Due to decreasing supplies and growing demand, natural gas prices in the Pacific Northwest and in the US have risen sharply over the past years, squeezing family budgets and slowing our economy; Bradwood Landing will help make energy more affordable for homes and businesses.

  • More Supply Reduces Costs
    At today’s prices for natural gas of more than $10 per million Btu, US consumers in aggregate pay an estimated $180 billion per year, or close to $500 million per day more for this essential environmentally friendly and clean burning resource than they did four years ago, when gas was last sold at prices around $2 per million Btu, the historical price level during most of the nineties (see graph below). Bradwood Landing will increase the supply of natural gas for Oregon and Washington homes and businesses, helping to hold down monthly utility bills and rising energy costs.

  • Growing Shortage
    Despite record levels of drilling for natural gas in North America, production in the US and Canada is struggling to keep up with consumption. In its latest long range forecast, the Energy Information Administration foresees an increasing role for gas from unconventional sources such as coal beds, tight formations or very deep water, gas which is more expensive to develop and produce than our dwindling supplies of conventional gas. Wells for unconventional gas and for gas in aging fields usually have a short productive life. Over half of the gas produced in the continental US now comes from wells that are less than three years old. All these factors add up to gas that will be more expensive to bring to the Pacific Northwest than locally landed liquefied natural gas.
  • Import Options: North of the Border
    Even with an optimistic forecast for production from conventional and unconventional sources, demand in the US will continue to outstrip supplies, as shown in the graph (below). For the US, the only two available options to fill the growing gap between supply and demand are pipeline imports from Canada and imports of liquefied natural gas. Canada is currently the primary source of US imports. However, Canada’s reserves are also dwindling and the Canadian Energy Research Institute predicts that production from the giant deposits in western Canada will stay at current levels only until 2010 and then begin an inevitable slow decline. Canada also has potential sources of unconventional gas, but as was the case for the US, locally landed liquefied natural gas would be a more cost advantageous solution for the Pacific Northwest.

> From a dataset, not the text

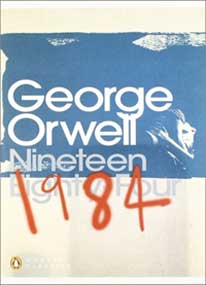 George Orwell Book - JHS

  • Liquefied Natural Gas: Abundant Availability
    The Pacific Basin is blessed with an abundance of natural gas reserves. In its 2005 Statistical Review of World Energy, BP estimates the proven reserves of natural gas in Asia Pacific at more than 500 TCF, enough to provide the North West with a safe, reliable and environmentally superior supply of clean burning natural gas for more than one hundred years at current usage rates. By comparison, North America has less than half of this amount of reserves with a remaining life of less than 10 years at current usage rates. The majority of the Pacific Basin’s natural gas fields are so-called “stranded reserves”, located too far from major demand centers for natural gas to be brought to market by pipelines. The only way to safely and economically transport these stranded natural gas reserves to market is in its liquid state, in the form of liquefied natural gas which has 1/600th of the volume of natural gas. In total, gas producers along the Pacific Rim now supply almost 80 million metric tons per year of liquefied natural gas to the economies of Japan, Taiwan, Korea, and even as far away as Europe. The Asia Pacific producers plan to more than double this capacity to 180 million ton per year as shown below in a graph based on data from the Petroleum Economist (see graph below). The Bradwood Landing terminal would provide a home for approximately 6% of the proposed new capacity.

  • Competitive Pricing
    There has been significant progress in recent years in the cryogenic technology used to convert natural gas to LNG. These improvements have resulted in lower costs for the liquefaction plant and ships, hence reducing the cost and further enhancing the competitive price of liquefied natural gas.
  • Global Supply, Local Benefits
    The natural gas imported through Bradwood Landing will have a dampening effect on natural gas prices throughout the region. Increased supplies will reduce natural gas price volatility, helping hold down energy costs for both residential and business consumers.
  • Deliver Energy to the Regional Grid
    The Bradwood Landing cogeneration power plant will deliver 130Mw on a firm basis and will deliver electric energy to the regional grid. The energy that will be generated is enough to supply approximately 30,000 homes with clean, safe energy.